* Exercise details:
Pull out every line from the line containing "SAN JOSE, CA - DECEMBER" through the end of the material, both ends included, and reproduce it exactly. Keep pictures out.

* Data below:

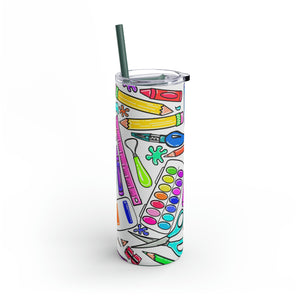 Art Supplies Skinny Matte Tumbler, 20oz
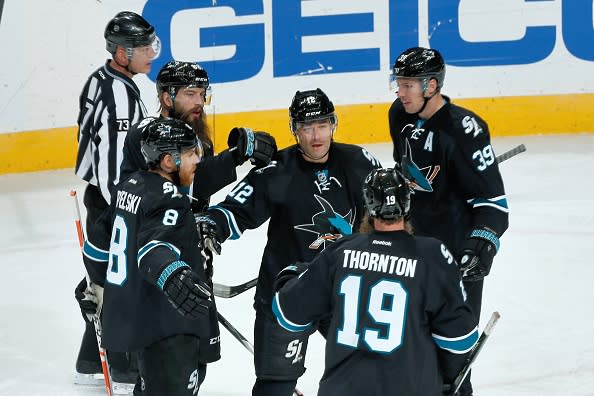 SAN JOSE, CA - DECEMBER 2: Brent Burns #88 of the San Jose Sharks celebrates his first period goal with teammates during a NHL game against the Montreal Canadiens at SAP Center at San Jose on December 2, 2016 in San Jose, California. (Photo by Don Smith/NHLI via Getty Images)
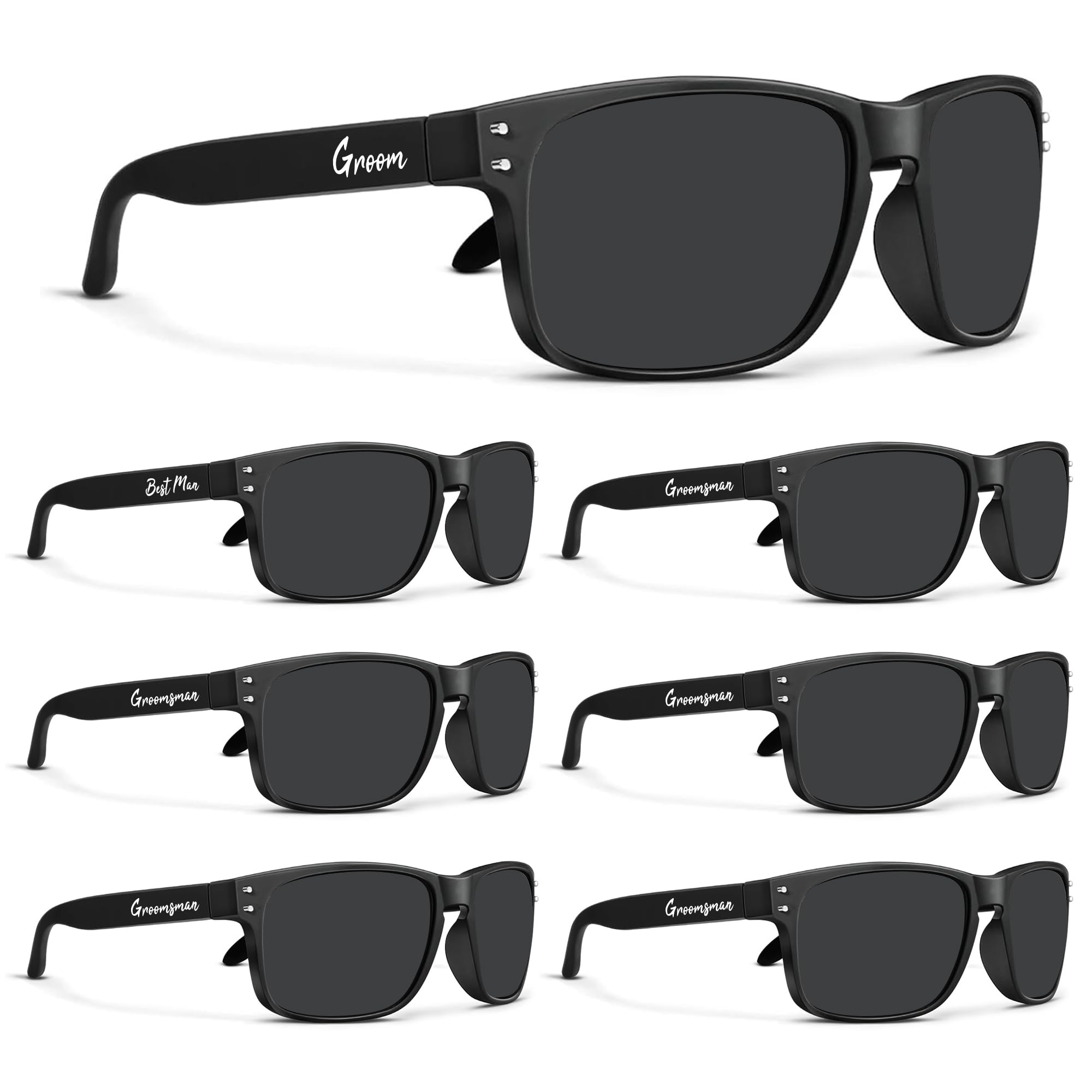 LotsBuyLots Groomsmen Sunglasses 7 Pack, Bachelor Party Supplies Sunglasses for Groom,Best Man,Groomsman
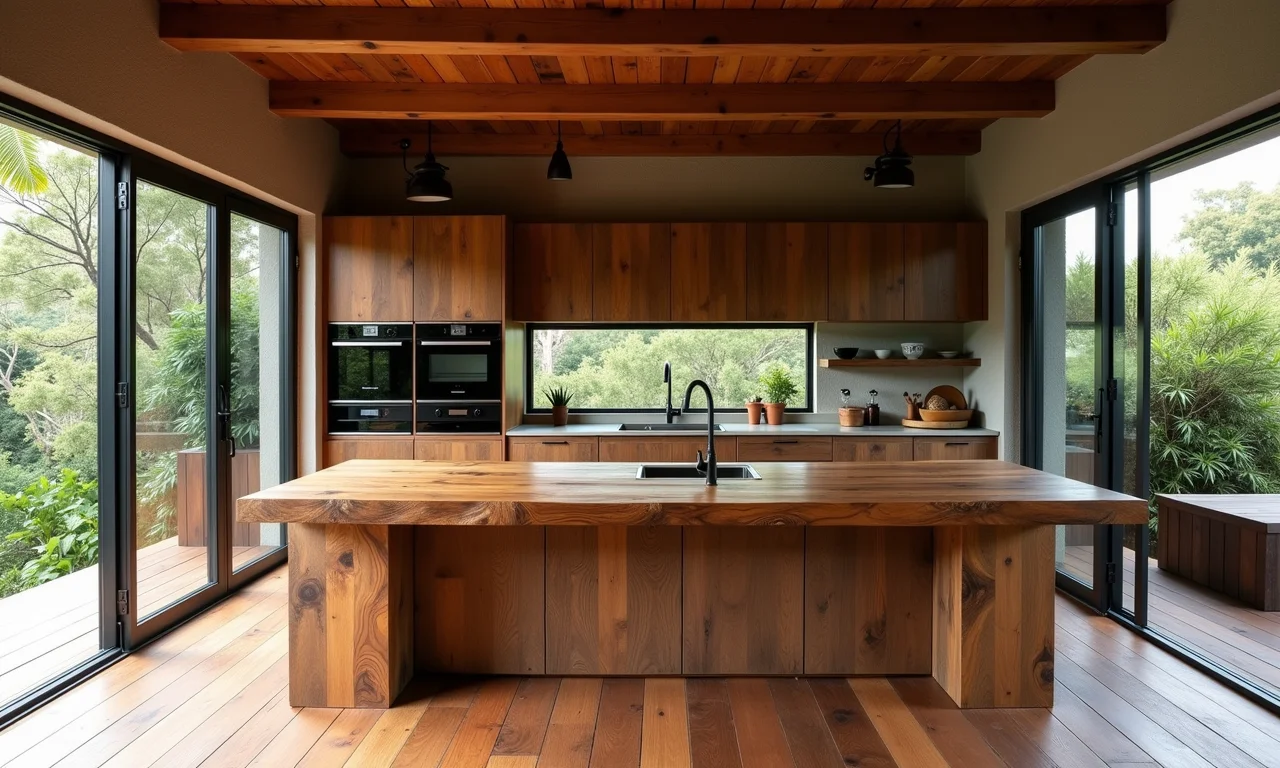 Cozinha rústica com ilha de madeira de demolição, tons quentes e luz natural.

* Completed exercise:
 SAN JOSE, CA - DECEMBER 2: Brent Burns #88 of the San Jose Sharks celebrates his first period goal with teammates during a NHL game against the Montreal Canadiens at SAP Center at San Jose on December 2, 2016 in San Jose, California. (Photo by Don Smith/NHLI via Getty Images)
 LotsBuyLots Groomsmen Sunglasses 7 Pack, Bachelor Party Supplies Sunglasses for Groom,Best Man,Groomsman
 Cozinha rústica com ilha de madeira de demolição, tons quentes e luz natural.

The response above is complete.